This from a girl who couldn’t spell genitalia if it was in her mouth. And it is.
Lindsay Lohan and her dad, Michael, were arrested, the mother, Dina, announced she’s writing a sleazy tell-all book. Today, all of white trash filed an injunction against the Lohans preventing the Lohans from comparing themselves to white trash.
“Jersey Shore” Snooki has a best selling book, she’s promoting her second book while working on her third book. In a related story, energy engineers are harnessing the incredible power generated from the spinning graves of Ernest Hemingway, J.D. Salinger and Mark Twain.
In Colorado Springs, a guy invited a girl he met online over for a date at 3:00 am, but when his girlfriend showed up unexpectedly, when his date arrived, he called the police reporting her as a burglar. It went from a booty call to a “She’s stealing my booty” call.
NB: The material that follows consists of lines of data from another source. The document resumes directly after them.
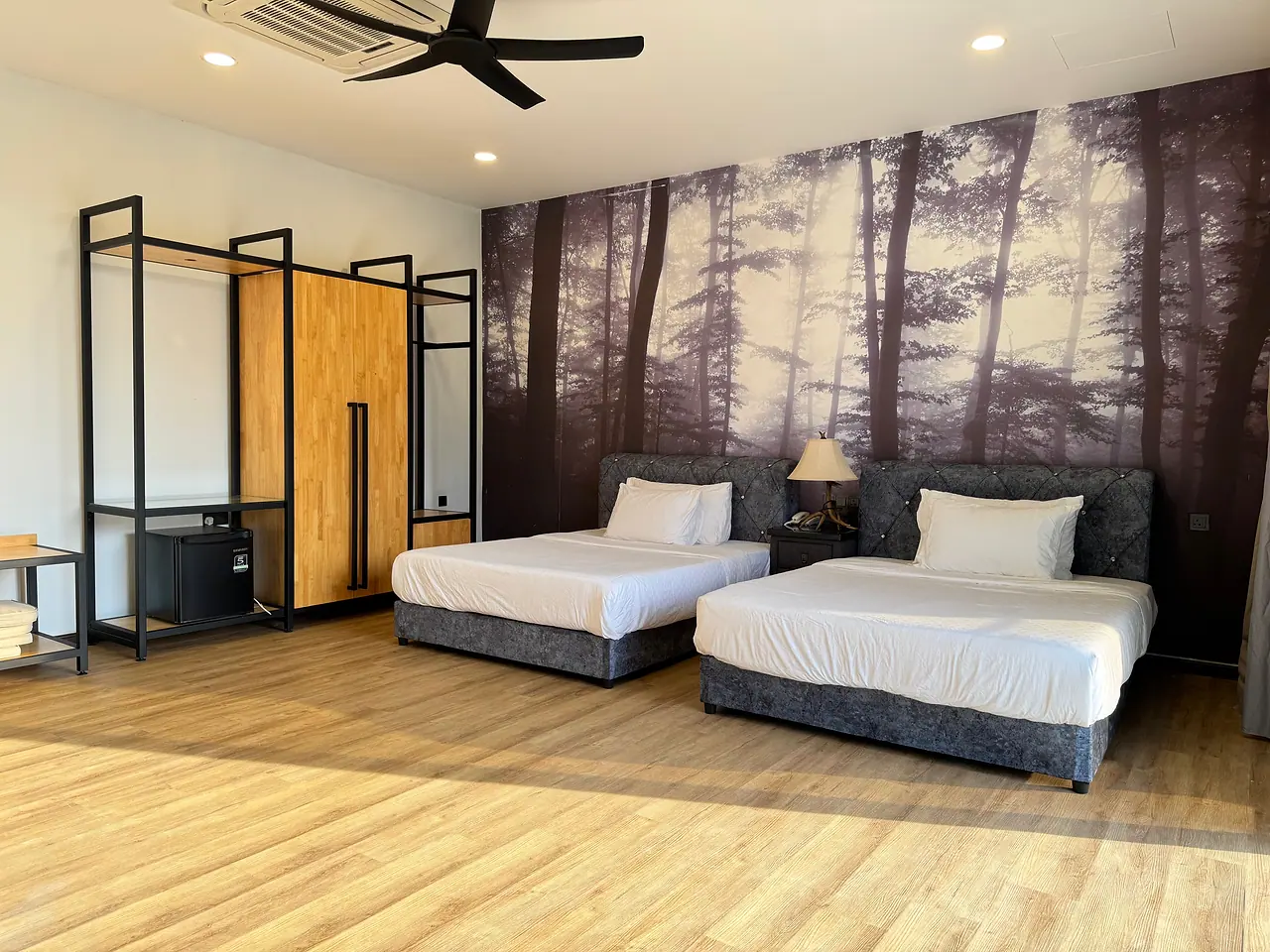 The deluxe room with two queen beds, a forest mural and an open wardrobe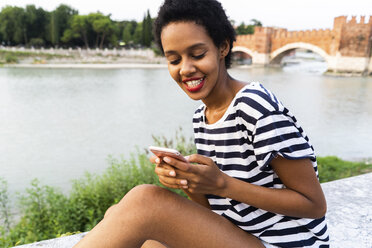 Lächelnde junge Frau sitzt auf der Mauer am Flussufer und benutzt ein Handy - GIOF04327
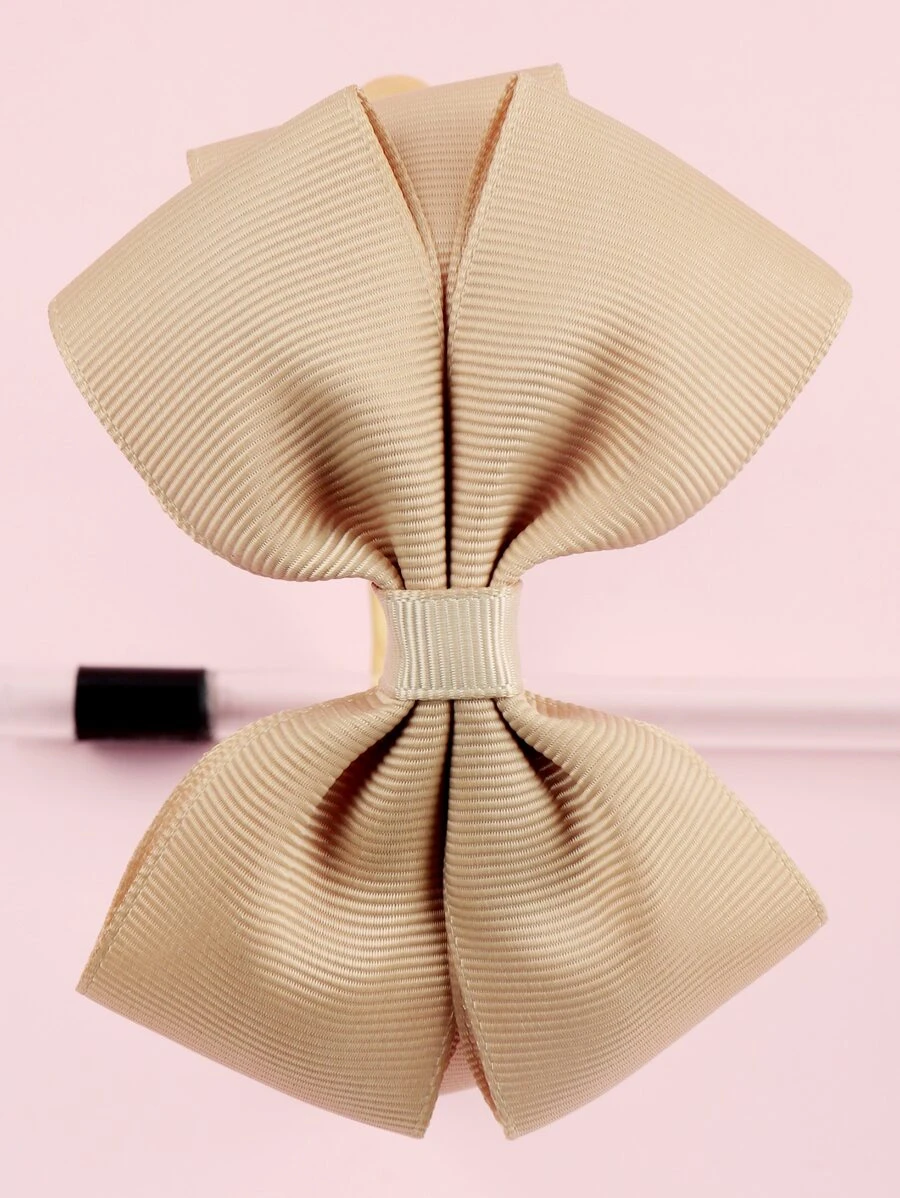Diadema con lazo beige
In an interview with “60 Minutes,” Ruth Madoff said she and Bernie tried to commit suicide. “Oh, those poor nice people, I feel so sorry for them,” said nobody on the planet.
Since you asked:
With an unprecedented late-October snowstorm looming, I’m guessing my East Coast pals, like “Foxhole” Woody, his lovely wife, Yanny and their daughter’s My Belle and Who-lee-yah, don’t so much want to hear about my morning surfing in gorgeous sparkling clear water and bright warm sunshine at La Jolla Shores/Scripps.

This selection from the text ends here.